• **To do**
Nothing but the lines from the one containing "1girl am_0410 bang_dream!" through the final line of the listing should appear in the answer, each exactly as written.

• **Information supplied**
--------------------------------
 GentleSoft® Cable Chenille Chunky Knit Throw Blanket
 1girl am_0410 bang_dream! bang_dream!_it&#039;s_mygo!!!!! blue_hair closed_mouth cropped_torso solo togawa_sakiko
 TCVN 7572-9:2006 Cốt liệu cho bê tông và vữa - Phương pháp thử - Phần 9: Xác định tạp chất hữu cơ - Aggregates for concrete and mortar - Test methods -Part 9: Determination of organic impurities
--------------------------------
• **Task output**
 1girl am_0410 bang_dream! bang_dream!_it&#039;s_mygo!!!!! blue_hair closed_mouth cropped_torso solo togawa_sakiko
 TCVN 7572-9:2006 Cốt liệu cho bê tông và vữa - Phương pháp thử - Phần 9: Xác định tạp chất hữu cơ - Aggregates for concrete and mortar - Test methods -Part 9: Determination of organic impurities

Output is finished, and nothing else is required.